But other really cool experiences we see are things like ways to listen to music together.
SoundCloud has a really cool bot that you can use to play music when you're in voice chats,
for example, and we're working with some other partners to try to bring more music to the platform.
There's a bunch of games that people have made that are pretty cool, and many more are coming.
We just actually launched a couple weeks ago a new kind of set of capabilities for the platform.
that will allow developers to go kind of beyond the text box
and build these rich kind of visual interactive experiences
powered by HTML5 so you could build a web app
and essentially deploy it into the context of Discord.
And so we're seeing lots of really exciting stuff
starting to get built
that I think will give people a lot of really fun things
to do with their friends.
Let's spend a couple minutes on that.
This is something you and I spent yours working on together.
Yes, we did. We did, 100.
Let's take people a little bit behind the curtain
of like what it took to actually go from the moment where we realized that developers wanted
to express their creativity beyond just a command line like interface, which was what bots were
initially designed around as a form factor, and going from there to expanding the entire canvas
for them to the whole screen really with web apps. Yeah, well, years ago, when the bots platform
started to get popular, there was actually a Hackweek project at our company.

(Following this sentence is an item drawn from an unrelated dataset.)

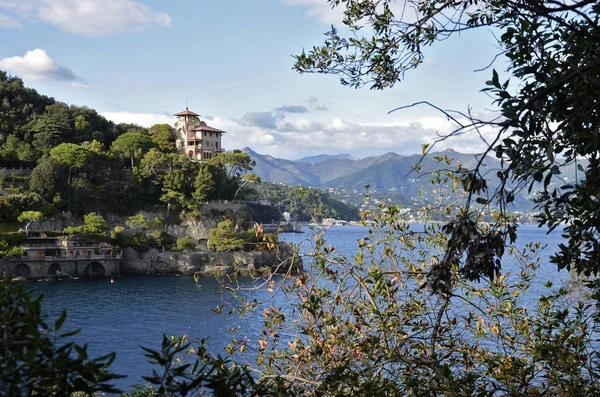 Portofino uitzicht op de Golf van Tigullio-Ligurië — Stockfoto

So we do this thing
every year called Hackweek, where we basically stop our normal work, and everyone gets together
and we have like a little kind of creativity festival.
It's the best way to describe it.
And I think it was 2018 was the year that I'm thinking about.
We actually had like tents in our office.
It was like a whole cool kind of with food and stuff.
And one of the groups that year had the idea of,
wouldn't it be cool if we added an HTML5 canvas to our apps platform?
And then people could like make games and do other interesting stuff.
And so there was a team that built this.
And I was always like, that's a really cool idea.
And we've got to explore that.
But as company building goes,
You have a long list of ideas, and you have to prioritize when you get to them.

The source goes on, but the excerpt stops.